Изменить размер шрифта - +
Музыка красок

 

– А где твои? Опять не приехали? – по-свойски спросил Чермен, и Вика – заносчивая, наглая, невыносимая и какая там ещё… – обрадованно затараторила, словно Чермен был её приятелем:

– Они к дедушке поехали, в санаторий, он там соскучился один, вот и поехали навестить. Завтра вечером приедут.

Вечером… Девчонке в понедельник в школу, а мать приедет в воскресенье вечером, и конечно, останется.
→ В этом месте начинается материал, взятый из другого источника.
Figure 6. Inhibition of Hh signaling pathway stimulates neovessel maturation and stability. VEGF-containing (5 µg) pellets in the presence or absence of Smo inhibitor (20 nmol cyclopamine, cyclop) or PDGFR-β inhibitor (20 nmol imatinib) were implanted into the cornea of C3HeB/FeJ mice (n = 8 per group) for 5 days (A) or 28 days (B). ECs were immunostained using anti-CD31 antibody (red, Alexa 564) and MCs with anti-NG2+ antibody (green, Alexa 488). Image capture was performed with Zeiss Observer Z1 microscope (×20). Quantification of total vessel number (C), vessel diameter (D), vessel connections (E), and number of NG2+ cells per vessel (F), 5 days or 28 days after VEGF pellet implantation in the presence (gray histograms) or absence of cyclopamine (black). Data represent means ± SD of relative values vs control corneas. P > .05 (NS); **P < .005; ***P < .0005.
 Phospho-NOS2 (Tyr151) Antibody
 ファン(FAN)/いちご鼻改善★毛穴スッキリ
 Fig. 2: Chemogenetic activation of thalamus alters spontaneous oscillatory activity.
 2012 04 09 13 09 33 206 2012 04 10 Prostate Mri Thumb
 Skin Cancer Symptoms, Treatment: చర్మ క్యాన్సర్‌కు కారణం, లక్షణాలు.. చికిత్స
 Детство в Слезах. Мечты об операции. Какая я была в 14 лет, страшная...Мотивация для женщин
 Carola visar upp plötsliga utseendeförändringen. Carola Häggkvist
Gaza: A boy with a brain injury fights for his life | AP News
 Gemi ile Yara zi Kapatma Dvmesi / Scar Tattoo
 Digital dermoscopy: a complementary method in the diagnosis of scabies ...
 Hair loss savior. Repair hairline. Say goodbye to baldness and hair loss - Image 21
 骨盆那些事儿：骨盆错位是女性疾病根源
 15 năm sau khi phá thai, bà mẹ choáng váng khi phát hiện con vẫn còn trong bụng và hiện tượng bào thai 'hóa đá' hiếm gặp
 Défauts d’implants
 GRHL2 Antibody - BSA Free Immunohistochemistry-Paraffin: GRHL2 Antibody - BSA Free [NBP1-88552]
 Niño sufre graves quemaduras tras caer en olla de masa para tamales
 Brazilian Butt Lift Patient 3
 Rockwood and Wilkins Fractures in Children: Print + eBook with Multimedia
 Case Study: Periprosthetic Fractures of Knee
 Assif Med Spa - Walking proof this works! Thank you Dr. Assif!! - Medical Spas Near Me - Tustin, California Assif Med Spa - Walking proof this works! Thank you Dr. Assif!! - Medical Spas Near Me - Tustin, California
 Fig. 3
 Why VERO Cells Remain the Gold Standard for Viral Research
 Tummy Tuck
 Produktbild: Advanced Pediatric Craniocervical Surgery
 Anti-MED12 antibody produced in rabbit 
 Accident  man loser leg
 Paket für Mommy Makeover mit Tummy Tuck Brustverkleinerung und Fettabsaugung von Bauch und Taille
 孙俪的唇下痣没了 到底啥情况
Вика поедет домой одна, и всю неделю будет жить одна, до субботы. Нехорошо это, неправильно. – подумал Чермен.

Вика, как гостеприимная хозяйка, предложила гостям осмотреть дом. А посмотреть здесь было на что: искусно вышитые рушники, массивный комод на гнутых ножках, стулья с затейливыми узорами на спинках, стол из деревянных плах медового цвета.

От столешницы, казалось, пахло соснами. Не удержавшись, Роза наклонилась, и забыв что она в чужом доме, восторженно завопила: «Папа! Иди понюхай, стол лесом пахнет!» Чермен с улыбкой наклонился над столом. Отскобленные до масленого блеска доски и вправду пахли сосновой смолой. Ручная работа. Вся мебель сделана своими руками, понял Чермен. Если бы калиновцы это увидели, засыпали бы Остапа заказами…

В углу Роза обнаружила лестницу, ведущую на чердак. Интересно, что там? Она хотела спросить у Вики разрешения, но передумала (вдруг не разрешит, и Роза никогда не узнает, что там, наверху). Взбежала по скрипучим ступенькам, которые словно напевали мелодию. Несмело толкнула единственную дверь…

Об архитектурном приёме, когда задумана асимметрия фронтона и помещение мансарды сдвинуто к одной стене (один скат крыши с изломом, а другой прямой), Роза не знала. И теперь удивлялась: под ломаной крышей из грубо оструганных досок стоять в полный рост можно было только у одной стены, от пола до потолка густо завешанной натюрмортами, пейзажами и портретами в простых деревянных рамках и вовсе без рам.

Висящие на тонких верёвочках, стоящие вдоль стен, сложенные аккуратными стопками, картины были нарисованы (или написаны, Роза не знала, как правильно сказать) неизвестным художником на холсте, на картонках от обувных коробок, на обрезках фанеры…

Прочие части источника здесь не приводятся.